Captioned web image data
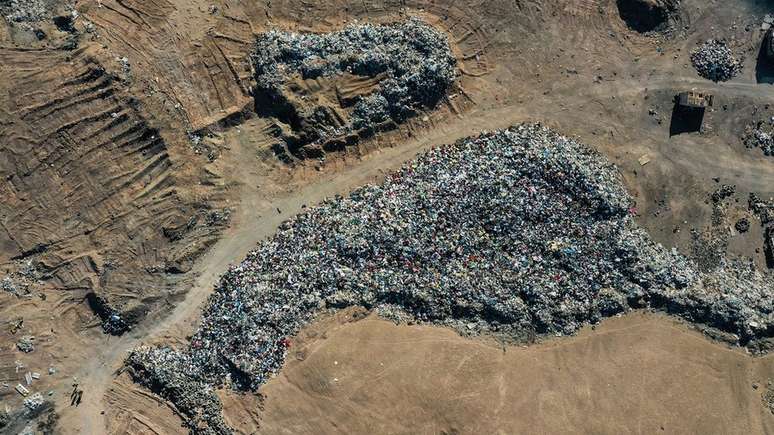 Calcula-se que 300 hectares do deserto do Atacama estejam cobertos por lixo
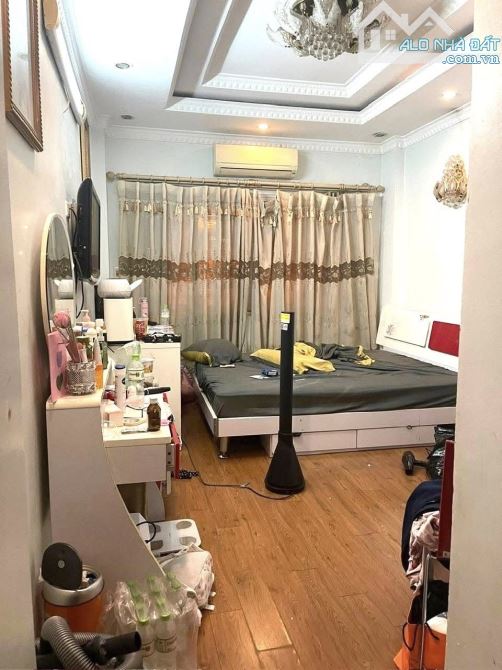 TRÂN KHÁT CHÂN, PHƯỜNG HAI BÀ TRƯNG,30M2,5 TẦNG GẦN MẶT PHỐ, AN SINH ĐỈNH. - 2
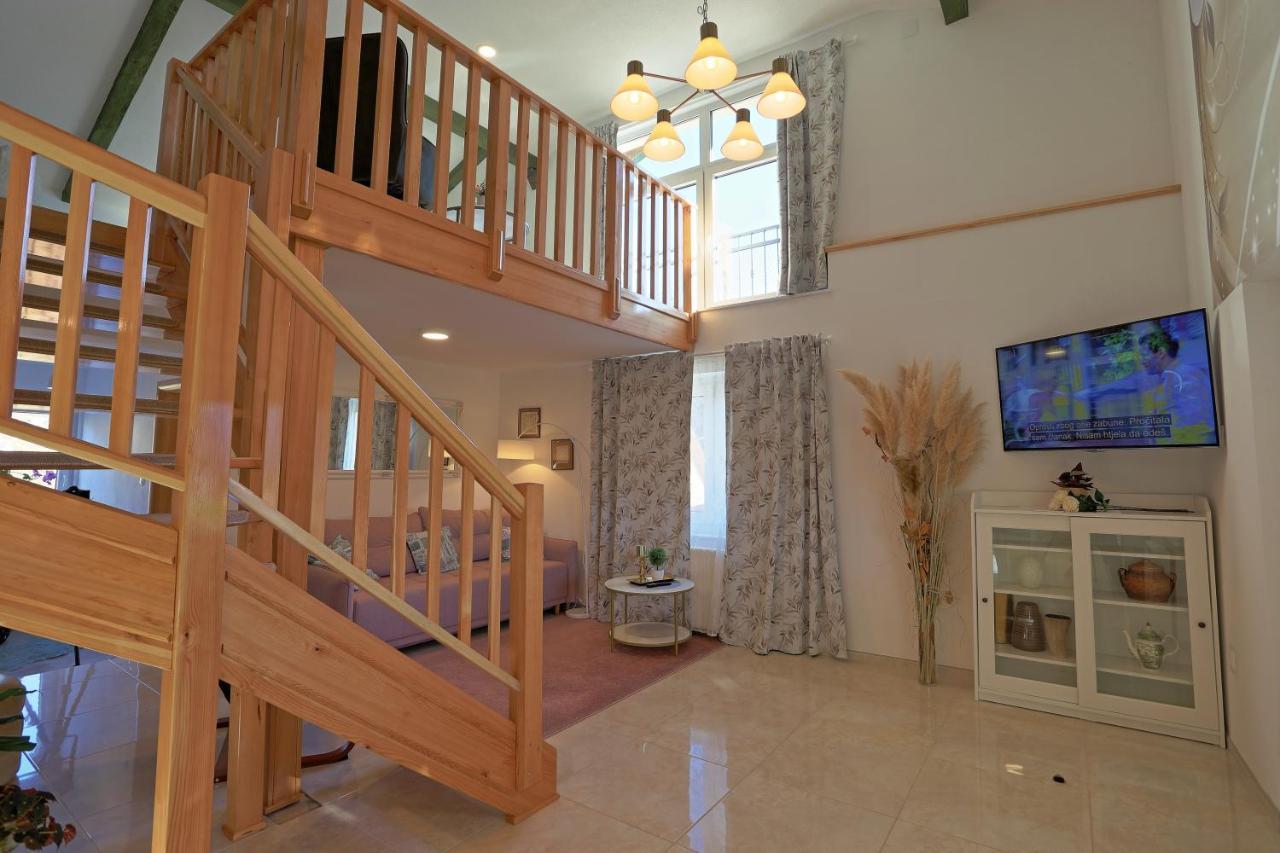 Luxury Apartman Alex With Sauna In The Village Otocac Ngoại thất bức ảnh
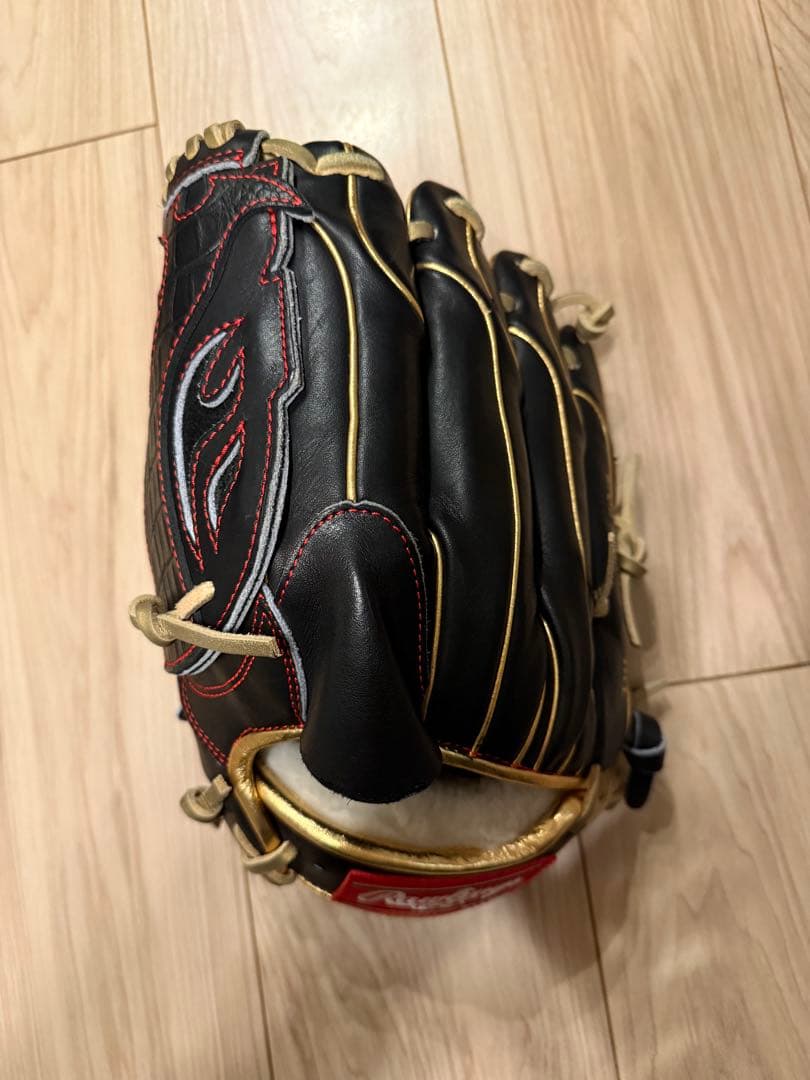 【限定仕様】ローリングス 山﨑康晃モデル 左投手用 軟式グラブ ウィザード02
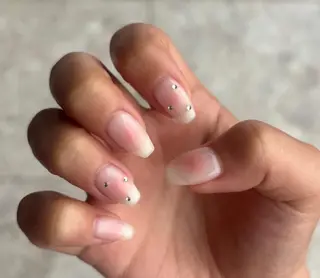 ネイル 脱毛/フェイシャル /酸素BOXのエステ・リラクイメージ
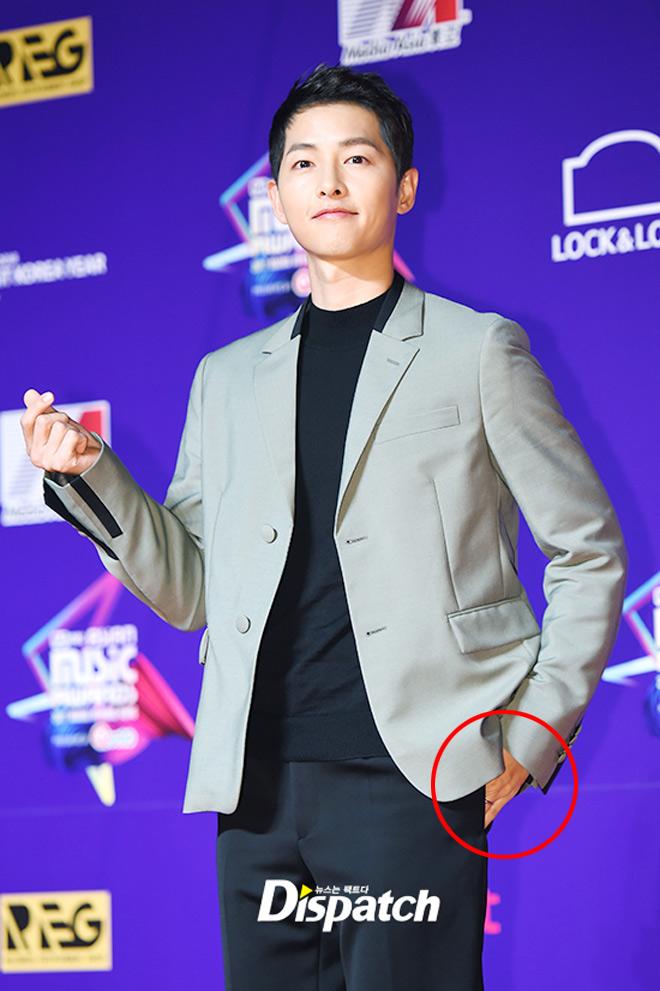 Có tin Song Hye Kyo bí mật đến MAMA nhưng Song Joong Ki lại một mình đi thảm đỏ - 3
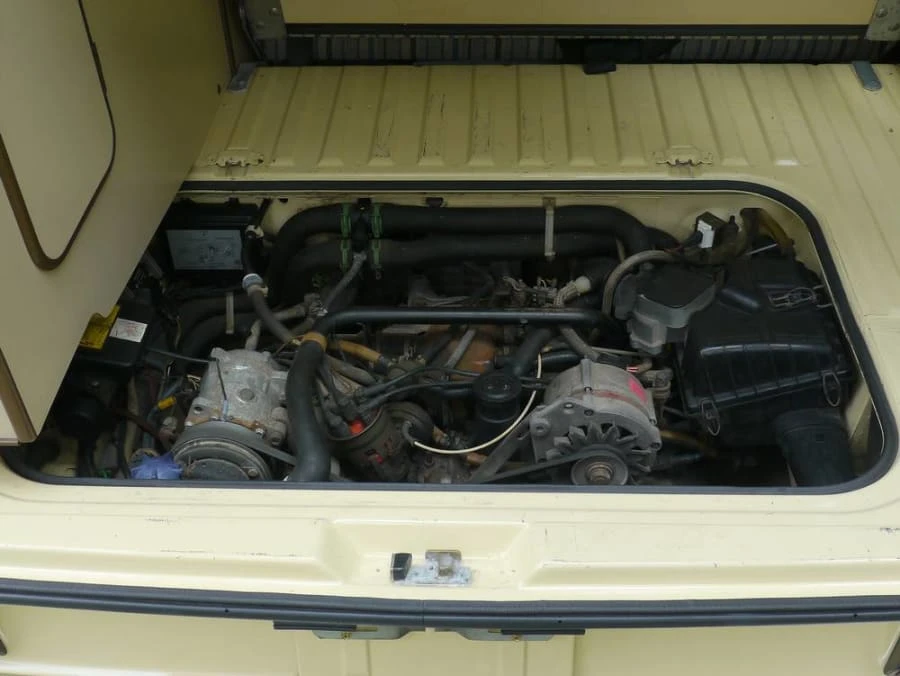 1984 Volkswagen EuroVan - Image 6 of 8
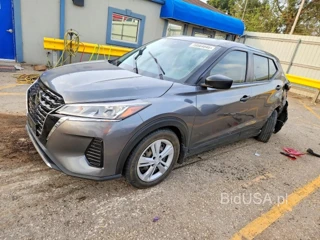 NISSAN KICKS S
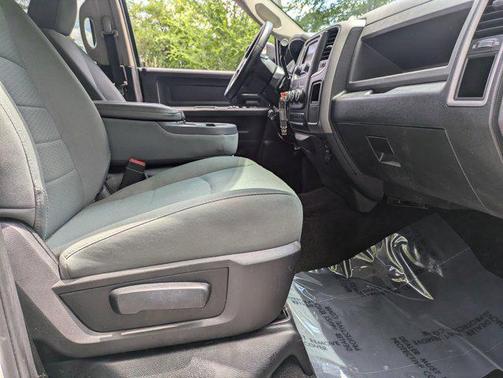 2017 RAM 2500 Tradesman Crew Cab 4x4 6'4' Box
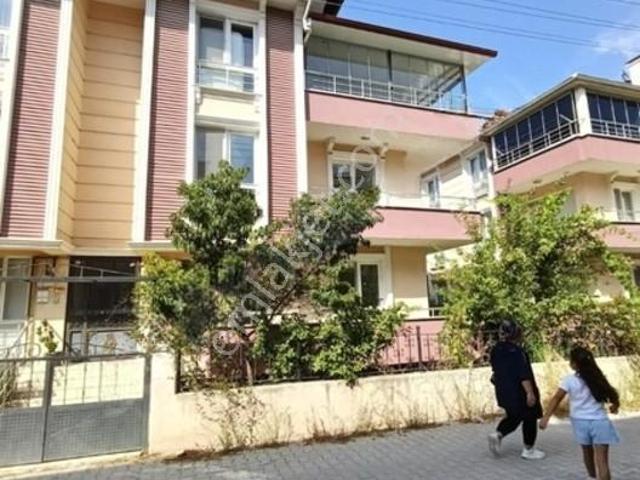 Emlak Centerden Sporkentte Satılık 4+1triblex Villa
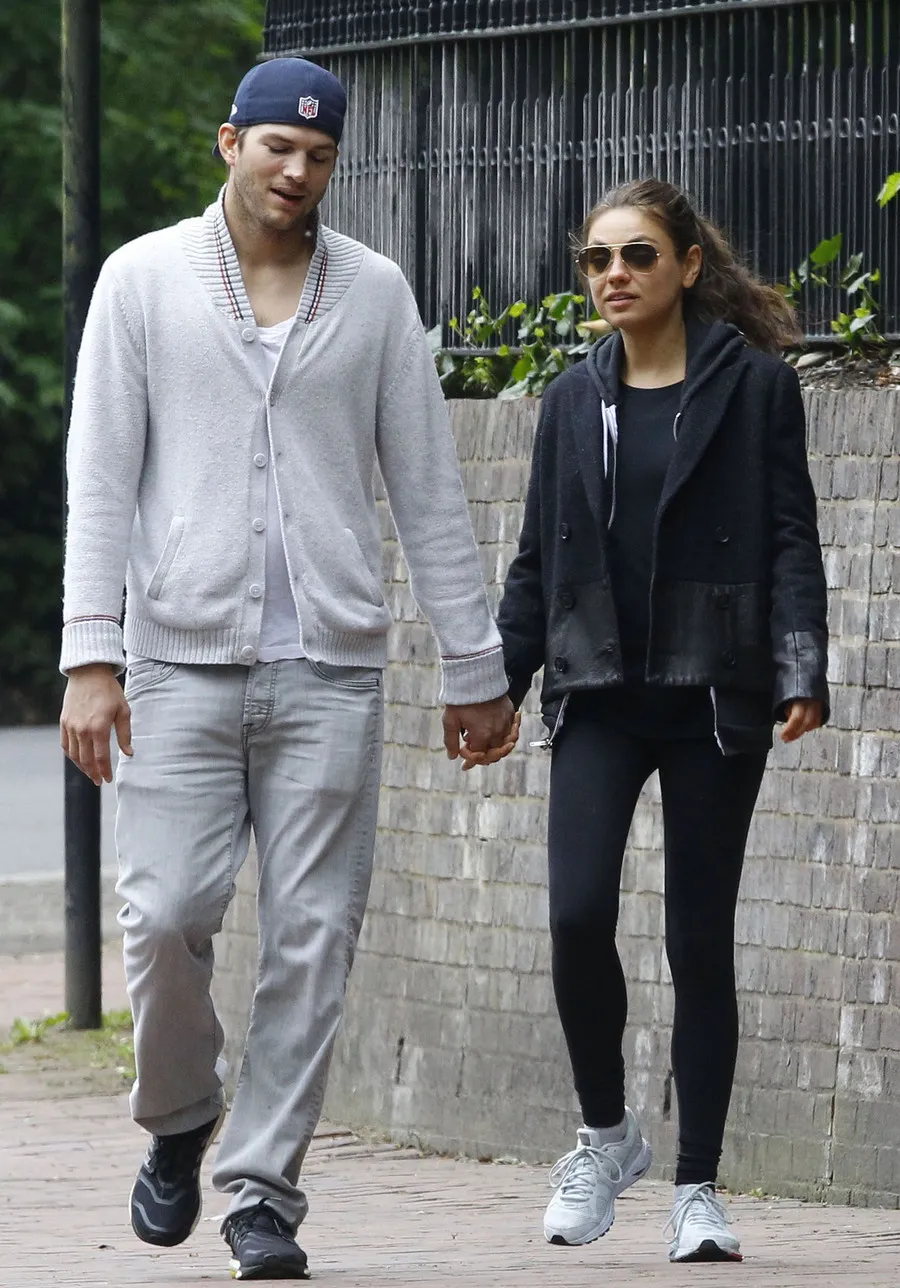 Ashton Kutcher - Mila Kunis: @FameFlynet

# What to work on
Output all of the records exactly as they appear above, but not the pictures.

# Task response
 Calcula-se que 300 hectares do deserto do Atacama estejam cobertos por lixo
 TRÂN KHÁT CHÂN, PHƯỜNG HAI BÀ TRƯNG,30M2,5 TẦNG GẦN MẶT PHỐ, AN SINH ĐỈNH. - 2
 Luxury Apartman Alex With Sauna In The Village Otocac Ngoại thất bức ảnh
 【限定仕様】ローリングス 山﨑康晃モデル 左投手用 軟式グラブ ウィザード02
 ネイル 脱毛/フェイシャル /酸素BOXのエステ・リラクイメージ
 Có tin Song Hye Kyo bí mật đến MAMA nhưng Song Joong Ki lại một mình đi thảm đỏ - 3
 1984 Volkswagen EuroVan - Image 6 of 8
 NISSAN KICKS S
 2017 RAM 2500 Tradesman Crew Cab 4x4 6'4' Box
 Emlak Centerden Sporkentte Satılık 4+1triblex Villa
 Ashton Kutcher - Mila Kunis: @FameFlynet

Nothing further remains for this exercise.